What needs to be done:
Where an image appears in the data, omit it and reproduce the rest exactly.

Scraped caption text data
##########
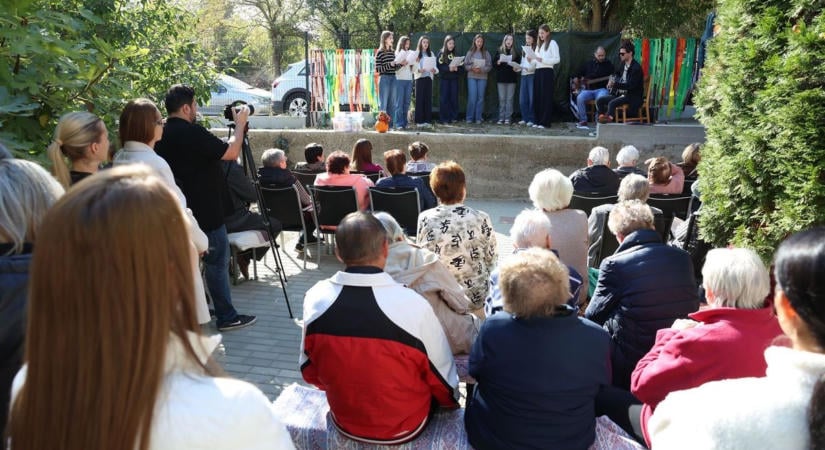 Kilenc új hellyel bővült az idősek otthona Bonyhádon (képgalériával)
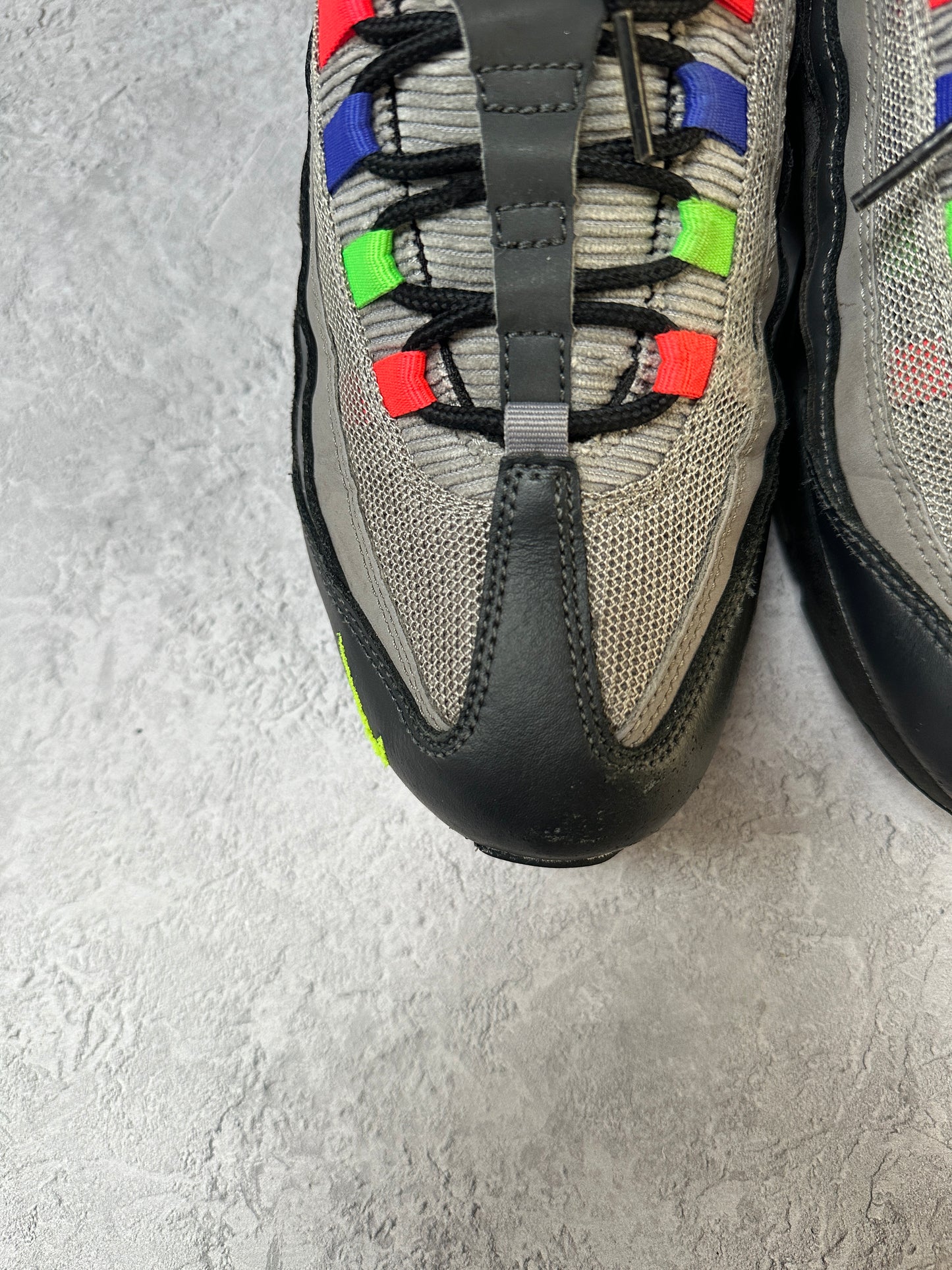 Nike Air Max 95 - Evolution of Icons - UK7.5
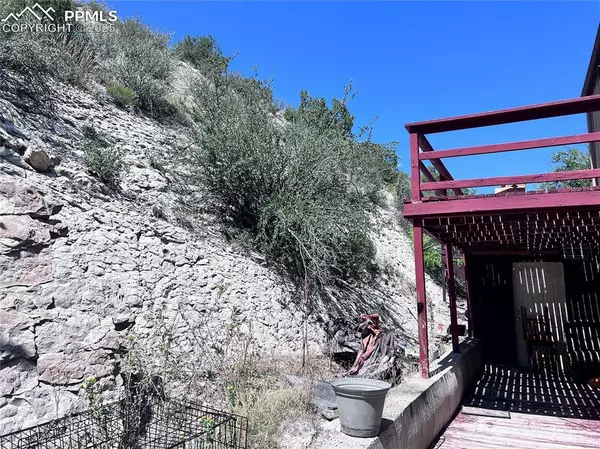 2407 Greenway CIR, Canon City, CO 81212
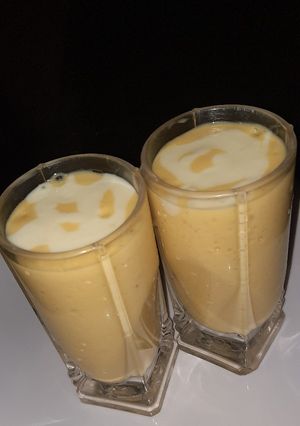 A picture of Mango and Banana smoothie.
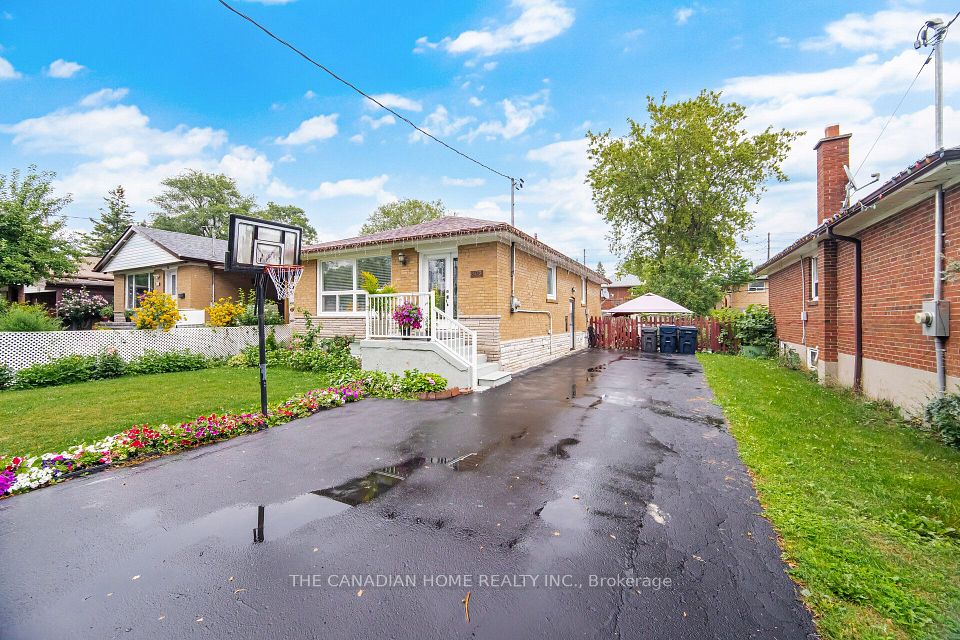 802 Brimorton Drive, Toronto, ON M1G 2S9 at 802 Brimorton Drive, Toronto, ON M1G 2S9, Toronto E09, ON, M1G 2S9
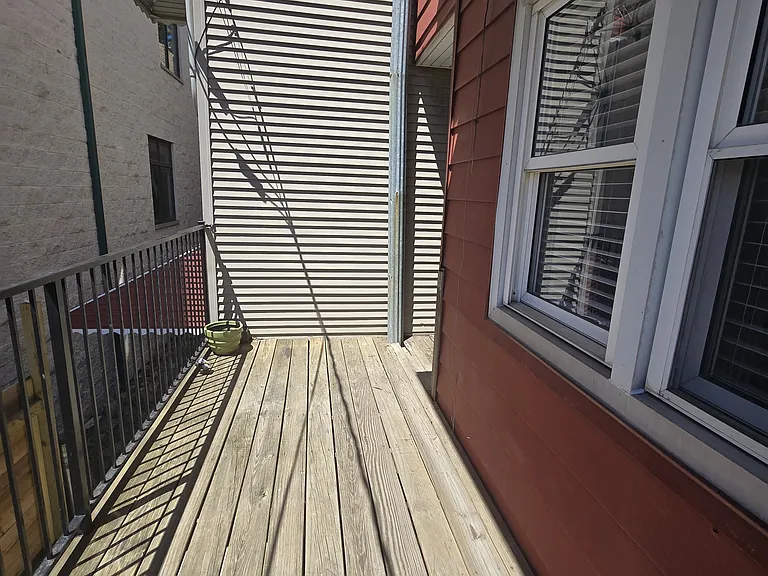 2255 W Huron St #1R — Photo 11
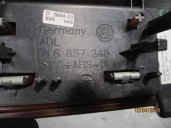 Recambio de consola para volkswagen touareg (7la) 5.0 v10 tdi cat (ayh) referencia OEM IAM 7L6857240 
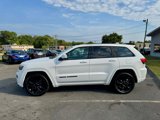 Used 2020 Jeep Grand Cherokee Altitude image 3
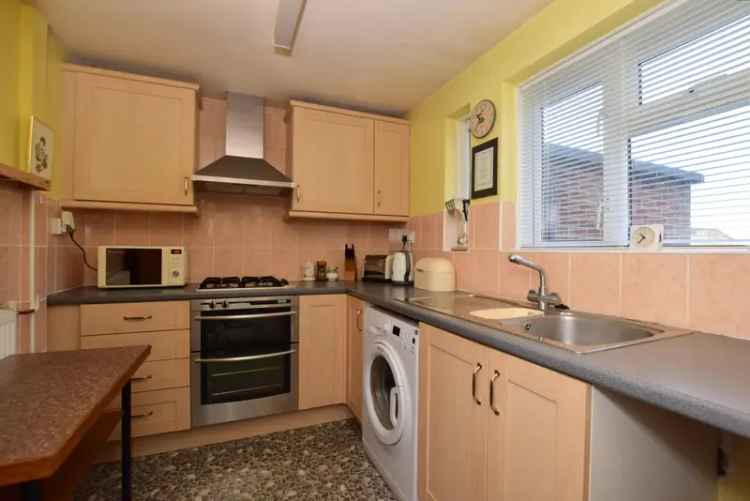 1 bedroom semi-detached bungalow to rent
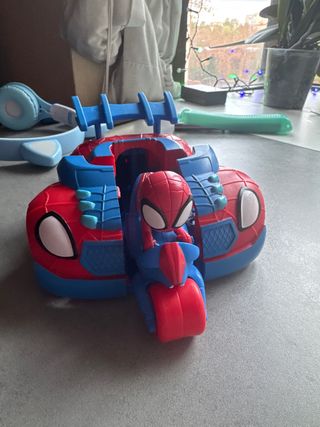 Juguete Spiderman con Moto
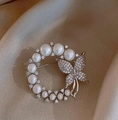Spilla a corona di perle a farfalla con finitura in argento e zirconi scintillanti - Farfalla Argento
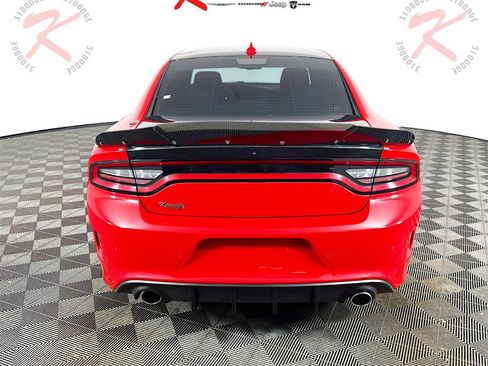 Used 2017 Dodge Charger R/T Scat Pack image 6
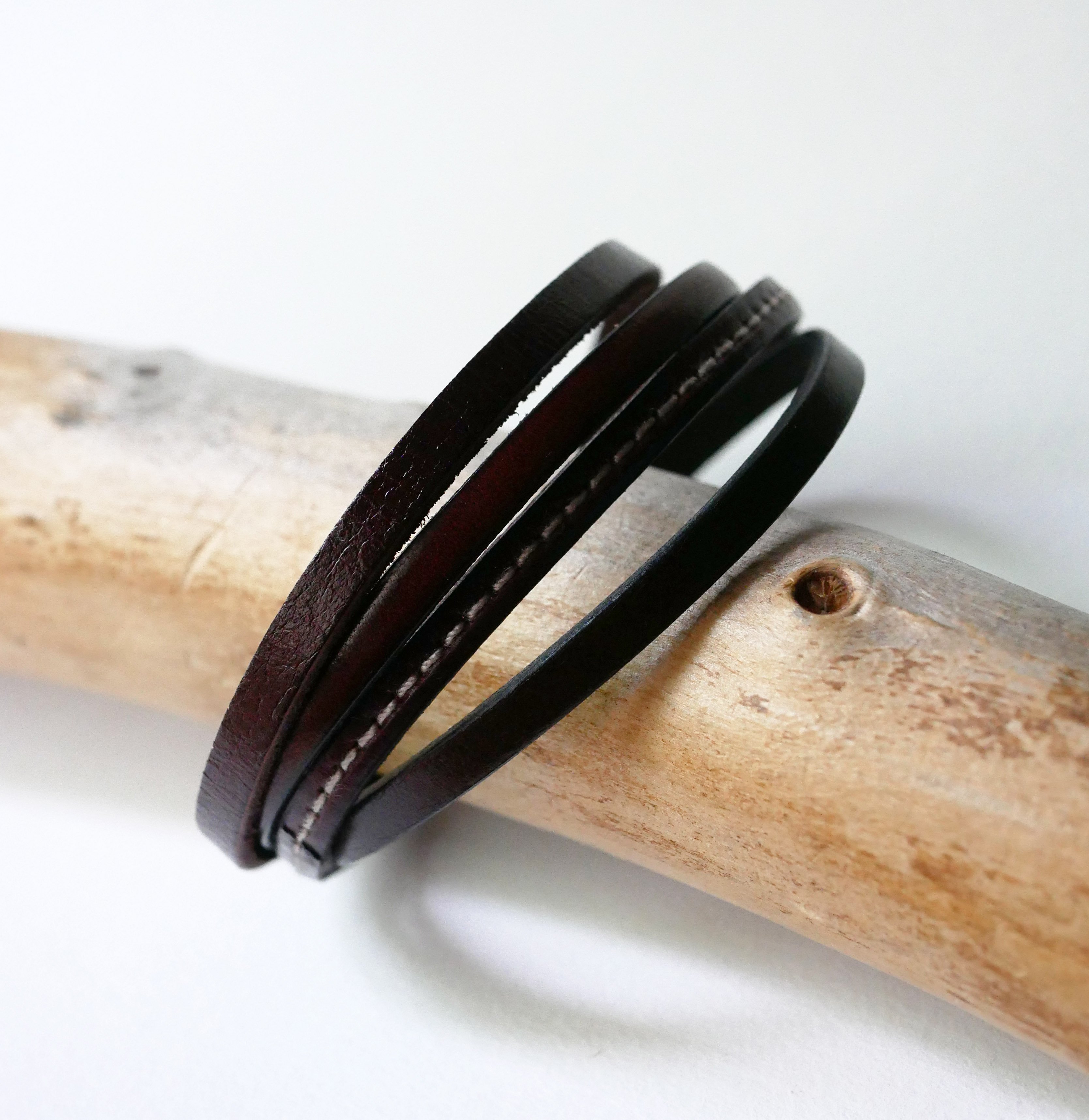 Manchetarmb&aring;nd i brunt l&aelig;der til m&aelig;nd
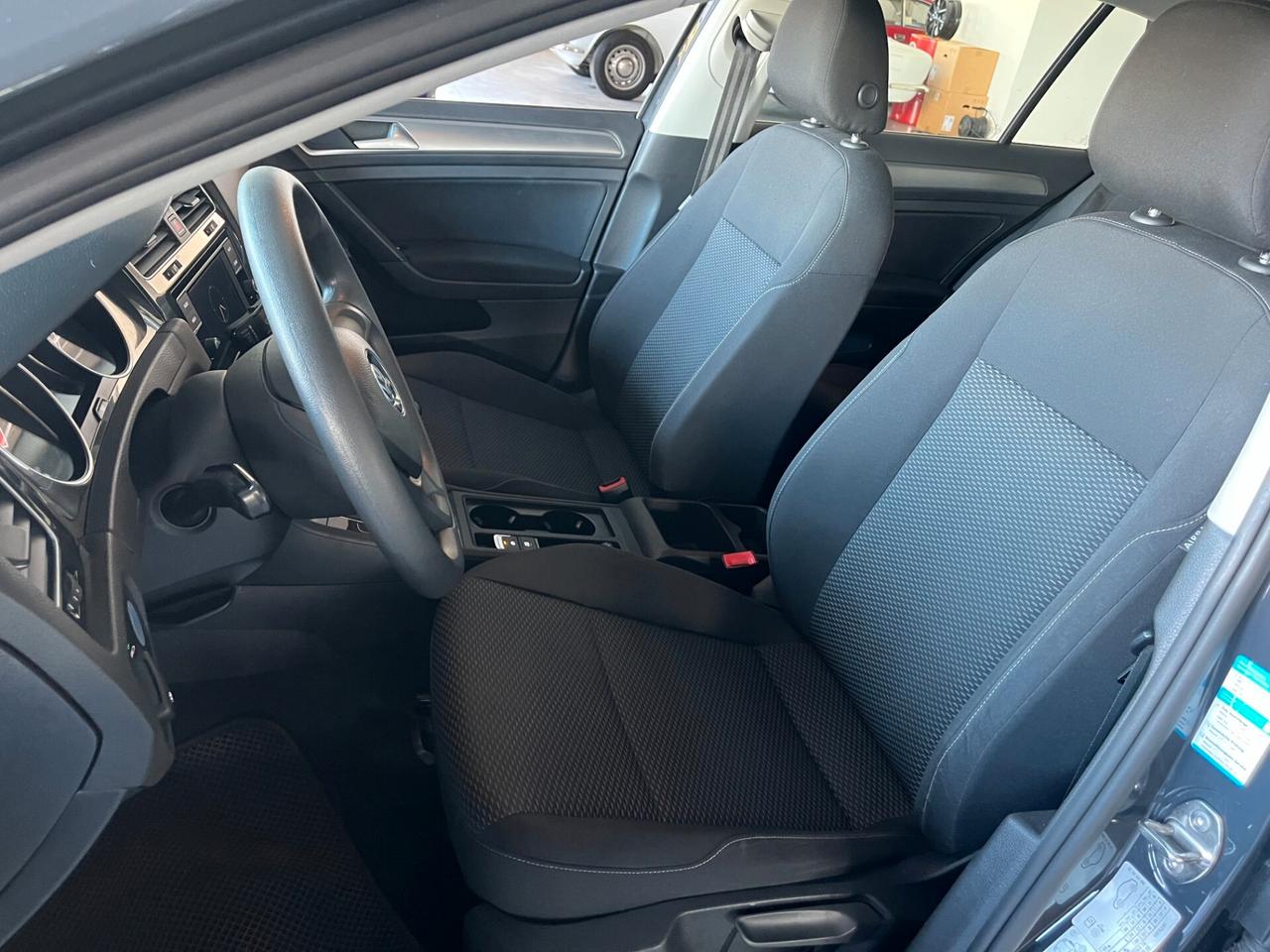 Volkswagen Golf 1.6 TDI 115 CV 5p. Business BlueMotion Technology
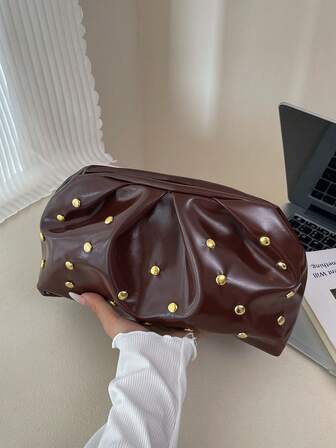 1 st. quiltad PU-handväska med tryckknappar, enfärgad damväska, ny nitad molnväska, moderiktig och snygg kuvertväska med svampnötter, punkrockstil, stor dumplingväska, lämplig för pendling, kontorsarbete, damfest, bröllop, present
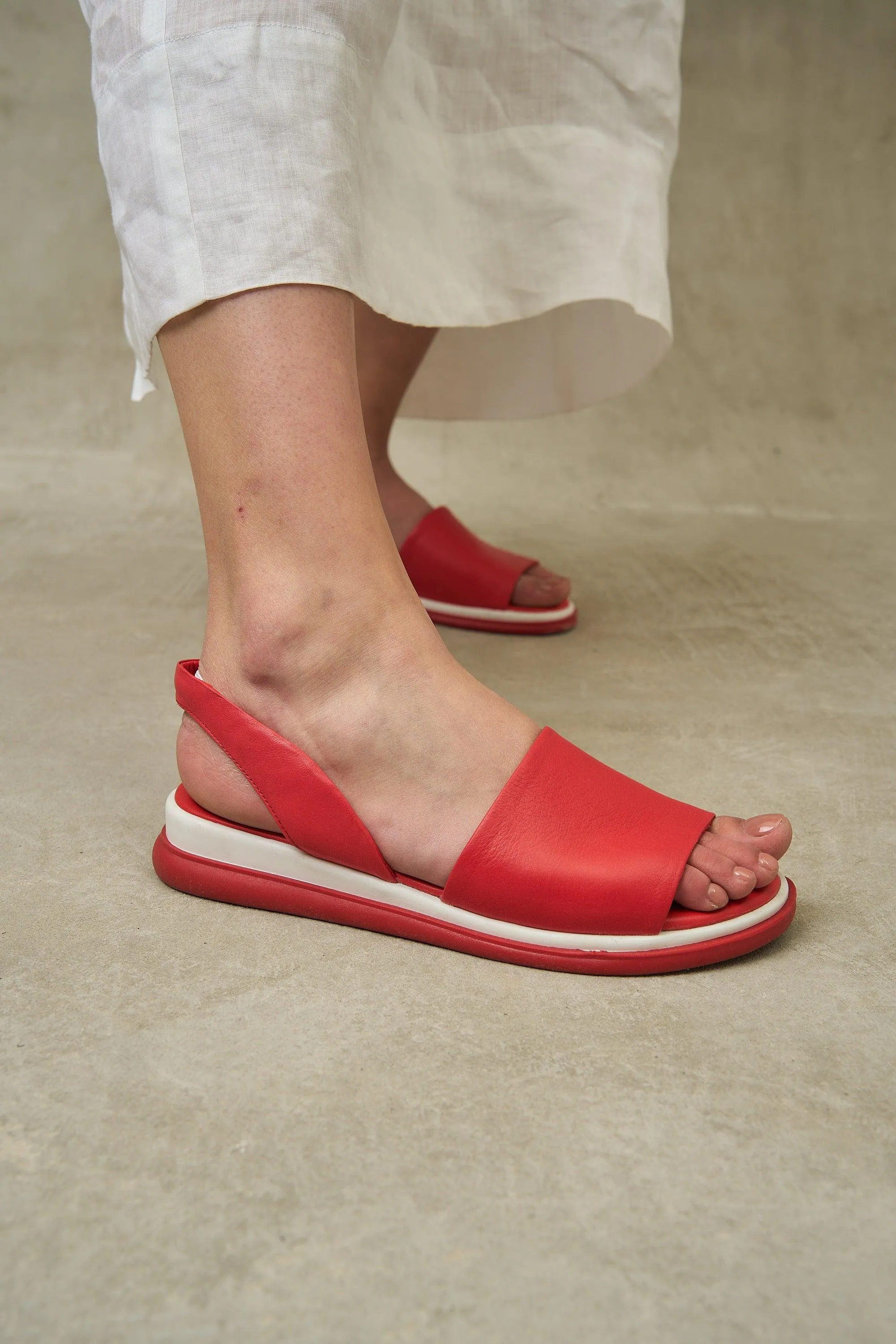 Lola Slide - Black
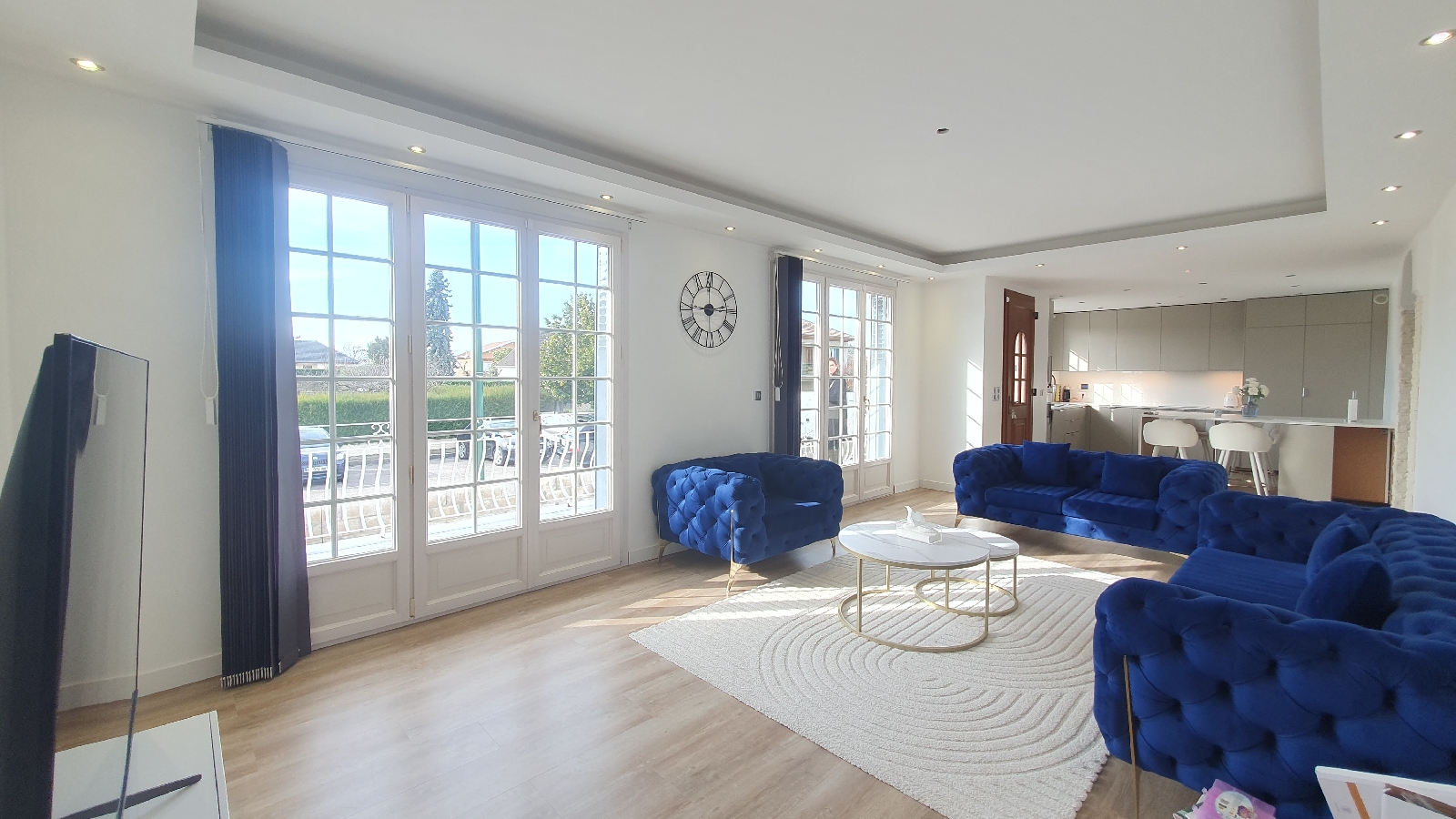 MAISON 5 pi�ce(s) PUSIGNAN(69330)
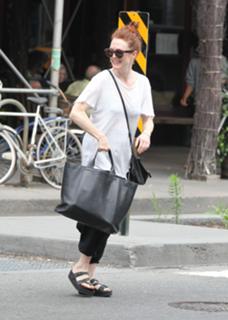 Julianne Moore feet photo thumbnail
##########
Expected answer:
 Kilenc új hellyel bővült az idősek otthona Bonyhádon (képgalériával)
 Nike Air Max 95 - Evolution of Icons - UK7.5
 2407 Greenway CIR, Canon City, CO 81212
 A picture of Mango and Banana smoothie.
 802 Brimorton Drive, Toronto, ON M1G 2S9 at 802 Brimorton Drive, Toronto, ON M1G 2S9, Toronto E09, ON, M1G 2S9
 2255 W Huron St #1R — Photo 11
 Recambio de consola para volkswagen touareg (7la) 5.0 v10 tdi cat (ayh) referencia OEM IAM 7L6857240 
 Used 2020 Jeep Grand Cherokee Altitude image 3
 1 bedroom semi-detached bungalow to rent
 Juguete Spiderman con Moto
Spilla a corona di perle a farfalla con finitura in argento e zirconi scintillanti - Farfalla Argento
 Used 2017 Dodge Charger R/T Scat Pack image 6
 Manchetarmb&aring;nd i brunt l&aelig;der til m&aelig;nd
 Volkswagen Golf 1.6 TDI 115 CV 5p. Business BlueMotion Technology
 1 st. quiltad PU-handväska med tryckknappar, enfärgad damväska, ny nitad molnväska, moderiktig och snygg kuvertväska med svampnötter, punkrockstil, stor dumplingväska, lämplig för pendling, kontorsarbete, damfest, bröllop, present
 Lola Slide - Black
 MAISON 5 pi�ce(s) PUSIGNAN(69330)
 Julianne Moore feet photo thumbnail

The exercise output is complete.